Interesting thoughts in an article by Kavin Rowe, in Interpretation. He examines several NT incidents where Paul and others are accused of 'sedition' (stasis) or treason against Caesar (Thessalonica/Acts 17, Ephesus/Acts 19, Judea/Acts 25-25)... "these people have turned the world upside down... saying there is another king - Jesus."
Yes, the resurrection of Jesus threatens the stability of Roman life; no, the Christians are not guilty of stasis...
The kingdom of which Jesus is king is not simply spiritual, but also material and social, which is to say that it takes up space in public... because public space is not neutral but contested space -- the arena in which various readings of the world make their bid for adoption -- the Christian mission's challenge to basic aspects and patterns of Greco-Roman culture is simultaneously a challenge to the world of Caesar, and thus in a crucial or fundamental sense to his claim to be the lord of all.
It is possible to imagine a future in which the Christian way of being is a minority whose life-pattern is at odds with much of what the wider Western world will consider normal.
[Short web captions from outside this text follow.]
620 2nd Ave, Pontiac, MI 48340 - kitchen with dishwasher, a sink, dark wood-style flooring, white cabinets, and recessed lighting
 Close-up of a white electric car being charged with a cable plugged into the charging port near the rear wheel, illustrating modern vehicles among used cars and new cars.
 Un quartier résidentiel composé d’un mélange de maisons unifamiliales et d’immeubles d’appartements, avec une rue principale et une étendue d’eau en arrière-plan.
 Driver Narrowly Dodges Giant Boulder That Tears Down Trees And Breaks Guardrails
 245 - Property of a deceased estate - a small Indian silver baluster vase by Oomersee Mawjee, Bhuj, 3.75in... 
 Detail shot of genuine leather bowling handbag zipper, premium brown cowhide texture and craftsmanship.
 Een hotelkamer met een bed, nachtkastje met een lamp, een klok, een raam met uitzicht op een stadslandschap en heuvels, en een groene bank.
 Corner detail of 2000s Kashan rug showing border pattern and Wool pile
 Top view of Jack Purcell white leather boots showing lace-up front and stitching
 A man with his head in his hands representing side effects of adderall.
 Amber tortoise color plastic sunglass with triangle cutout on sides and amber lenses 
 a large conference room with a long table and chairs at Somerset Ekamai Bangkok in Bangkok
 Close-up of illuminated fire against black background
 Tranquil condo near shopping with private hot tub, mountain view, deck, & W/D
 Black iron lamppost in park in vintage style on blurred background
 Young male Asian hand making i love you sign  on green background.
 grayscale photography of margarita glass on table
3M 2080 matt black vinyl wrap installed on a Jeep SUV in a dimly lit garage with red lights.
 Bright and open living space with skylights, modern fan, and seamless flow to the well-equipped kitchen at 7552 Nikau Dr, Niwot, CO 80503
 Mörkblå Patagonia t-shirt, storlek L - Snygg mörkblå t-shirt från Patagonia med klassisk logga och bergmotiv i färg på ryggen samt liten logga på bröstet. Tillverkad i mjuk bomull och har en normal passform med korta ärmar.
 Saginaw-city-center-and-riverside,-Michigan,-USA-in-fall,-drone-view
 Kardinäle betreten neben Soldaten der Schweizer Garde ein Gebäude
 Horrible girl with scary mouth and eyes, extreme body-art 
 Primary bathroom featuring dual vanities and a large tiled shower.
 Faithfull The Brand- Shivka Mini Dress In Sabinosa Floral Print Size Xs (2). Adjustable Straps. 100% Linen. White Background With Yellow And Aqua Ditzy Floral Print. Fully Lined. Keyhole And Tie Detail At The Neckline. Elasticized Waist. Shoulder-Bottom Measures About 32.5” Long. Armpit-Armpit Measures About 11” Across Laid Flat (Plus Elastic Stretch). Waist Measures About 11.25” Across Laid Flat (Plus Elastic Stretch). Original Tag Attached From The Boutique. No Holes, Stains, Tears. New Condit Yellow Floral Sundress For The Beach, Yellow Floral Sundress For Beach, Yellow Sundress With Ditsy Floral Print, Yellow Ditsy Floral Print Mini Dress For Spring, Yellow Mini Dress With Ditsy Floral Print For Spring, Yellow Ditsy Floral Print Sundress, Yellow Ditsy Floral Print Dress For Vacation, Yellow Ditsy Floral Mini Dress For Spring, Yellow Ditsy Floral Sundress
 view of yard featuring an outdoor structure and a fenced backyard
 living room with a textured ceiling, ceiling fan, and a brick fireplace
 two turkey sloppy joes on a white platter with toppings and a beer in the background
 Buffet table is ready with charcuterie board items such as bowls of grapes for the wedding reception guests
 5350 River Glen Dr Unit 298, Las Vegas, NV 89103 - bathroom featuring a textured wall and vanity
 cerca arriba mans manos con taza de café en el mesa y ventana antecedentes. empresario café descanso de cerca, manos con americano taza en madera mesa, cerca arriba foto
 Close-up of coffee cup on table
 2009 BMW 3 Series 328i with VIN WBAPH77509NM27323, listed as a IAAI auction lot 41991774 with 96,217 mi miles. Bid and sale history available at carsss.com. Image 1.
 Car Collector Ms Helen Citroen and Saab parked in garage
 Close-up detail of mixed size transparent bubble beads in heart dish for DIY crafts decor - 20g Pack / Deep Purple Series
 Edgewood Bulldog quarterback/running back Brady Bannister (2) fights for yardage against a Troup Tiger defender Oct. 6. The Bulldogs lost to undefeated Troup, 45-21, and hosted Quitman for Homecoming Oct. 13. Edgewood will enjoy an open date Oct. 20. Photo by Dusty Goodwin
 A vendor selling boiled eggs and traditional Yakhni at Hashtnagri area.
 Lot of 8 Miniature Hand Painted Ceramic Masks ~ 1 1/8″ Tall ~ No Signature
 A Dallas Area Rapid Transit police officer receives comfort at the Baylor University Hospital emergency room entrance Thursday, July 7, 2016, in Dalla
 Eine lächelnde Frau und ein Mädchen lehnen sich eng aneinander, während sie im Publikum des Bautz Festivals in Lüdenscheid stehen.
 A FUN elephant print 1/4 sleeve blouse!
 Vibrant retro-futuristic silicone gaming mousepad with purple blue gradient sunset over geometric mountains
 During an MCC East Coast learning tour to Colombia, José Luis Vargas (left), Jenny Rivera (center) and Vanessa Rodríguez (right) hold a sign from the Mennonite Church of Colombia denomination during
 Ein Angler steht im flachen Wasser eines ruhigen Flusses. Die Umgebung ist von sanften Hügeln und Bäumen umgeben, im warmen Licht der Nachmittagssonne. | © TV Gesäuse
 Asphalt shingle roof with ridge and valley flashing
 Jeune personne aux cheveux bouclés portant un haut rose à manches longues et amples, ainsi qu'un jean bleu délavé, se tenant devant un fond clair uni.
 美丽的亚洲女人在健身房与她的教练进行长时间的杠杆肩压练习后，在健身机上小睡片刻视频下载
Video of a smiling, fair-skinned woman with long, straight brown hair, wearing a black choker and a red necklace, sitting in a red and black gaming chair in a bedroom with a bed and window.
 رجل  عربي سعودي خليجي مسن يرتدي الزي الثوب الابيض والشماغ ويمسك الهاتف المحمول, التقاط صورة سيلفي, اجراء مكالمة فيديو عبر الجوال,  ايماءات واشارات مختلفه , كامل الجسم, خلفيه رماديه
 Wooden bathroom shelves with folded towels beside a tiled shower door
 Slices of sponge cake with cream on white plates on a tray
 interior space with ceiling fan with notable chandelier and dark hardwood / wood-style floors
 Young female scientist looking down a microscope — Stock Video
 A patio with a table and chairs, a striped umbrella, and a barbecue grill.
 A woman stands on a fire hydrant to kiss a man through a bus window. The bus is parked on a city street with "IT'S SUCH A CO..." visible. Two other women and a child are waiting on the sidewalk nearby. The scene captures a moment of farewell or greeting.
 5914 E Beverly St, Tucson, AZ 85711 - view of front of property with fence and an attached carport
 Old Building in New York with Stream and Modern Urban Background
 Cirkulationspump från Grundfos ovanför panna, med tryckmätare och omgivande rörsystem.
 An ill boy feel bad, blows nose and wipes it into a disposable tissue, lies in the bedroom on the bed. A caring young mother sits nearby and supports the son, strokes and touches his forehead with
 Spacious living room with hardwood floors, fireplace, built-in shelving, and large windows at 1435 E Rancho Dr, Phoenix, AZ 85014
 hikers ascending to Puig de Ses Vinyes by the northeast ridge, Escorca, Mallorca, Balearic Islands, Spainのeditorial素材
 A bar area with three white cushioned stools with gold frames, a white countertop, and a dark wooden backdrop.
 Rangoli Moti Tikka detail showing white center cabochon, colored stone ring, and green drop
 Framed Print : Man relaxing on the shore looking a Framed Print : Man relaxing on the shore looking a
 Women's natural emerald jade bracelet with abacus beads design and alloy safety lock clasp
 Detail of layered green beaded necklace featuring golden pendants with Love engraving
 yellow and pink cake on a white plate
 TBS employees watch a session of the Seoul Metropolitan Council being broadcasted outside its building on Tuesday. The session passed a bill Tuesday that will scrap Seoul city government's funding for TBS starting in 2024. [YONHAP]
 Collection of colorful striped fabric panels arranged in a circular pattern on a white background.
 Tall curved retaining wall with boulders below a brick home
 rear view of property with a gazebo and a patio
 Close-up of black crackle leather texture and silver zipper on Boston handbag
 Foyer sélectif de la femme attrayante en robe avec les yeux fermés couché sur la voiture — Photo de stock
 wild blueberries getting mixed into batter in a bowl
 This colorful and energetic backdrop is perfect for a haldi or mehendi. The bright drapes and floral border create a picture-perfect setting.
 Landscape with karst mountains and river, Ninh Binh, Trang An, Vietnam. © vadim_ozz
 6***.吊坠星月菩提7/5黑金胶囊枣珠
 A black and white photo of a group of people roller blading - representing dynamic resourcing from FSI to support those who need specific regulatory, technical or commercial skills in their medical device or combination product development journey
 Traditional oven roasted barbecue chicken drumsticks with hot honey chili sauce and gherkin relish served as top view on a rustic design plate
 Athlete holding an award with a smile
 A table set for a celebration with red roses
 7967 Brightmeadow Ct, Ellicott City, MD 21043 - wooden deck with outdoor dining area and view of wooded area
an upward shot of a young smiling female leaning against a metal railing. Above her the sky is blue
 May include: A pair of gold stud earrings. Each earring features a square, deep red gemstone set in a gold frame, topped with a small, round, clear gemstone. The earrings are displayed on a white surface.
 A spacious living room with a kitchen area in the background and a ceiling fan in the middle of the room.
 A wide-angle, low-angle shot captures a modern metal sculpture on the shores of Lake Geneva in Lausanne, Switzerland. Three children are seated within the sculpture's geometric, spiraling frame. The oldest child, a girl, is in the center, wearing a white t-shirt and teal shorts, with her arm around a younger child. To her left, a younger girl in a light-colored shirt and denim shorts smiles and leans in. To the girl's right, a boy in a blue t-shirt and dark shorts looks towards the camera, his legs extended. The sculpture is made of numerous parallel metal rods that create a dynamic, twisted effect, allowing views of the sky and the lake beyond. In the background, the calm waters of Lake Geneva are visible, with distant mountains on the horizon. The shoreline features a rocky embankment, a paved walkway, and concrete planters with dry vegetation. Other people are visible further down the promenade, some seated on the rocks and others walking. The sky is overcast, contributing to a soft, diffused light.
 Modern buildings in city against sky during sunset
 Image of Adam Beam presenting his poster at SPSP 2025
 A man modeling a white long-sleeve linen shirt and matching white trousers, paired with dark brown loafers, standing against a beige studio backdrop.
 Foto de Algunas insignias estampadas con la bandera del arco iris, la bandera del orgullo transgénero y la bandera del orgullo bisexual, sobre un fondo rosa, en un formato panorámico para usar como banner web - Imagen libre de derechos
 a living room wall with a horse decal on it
Looking at Acts allows us to learn or relearn things about the form of life in the world that earned the name "Christian"...
Acts helps us to see that the church did not exist in a discrete sphere of life or thought with a particular, limited set of ideas or practices... but was a total way of life ('habit of being") that was noticeably different from the larger practices and assumptions that shaped the daily life of the Greco-Roman world; public and private, all-encompassing.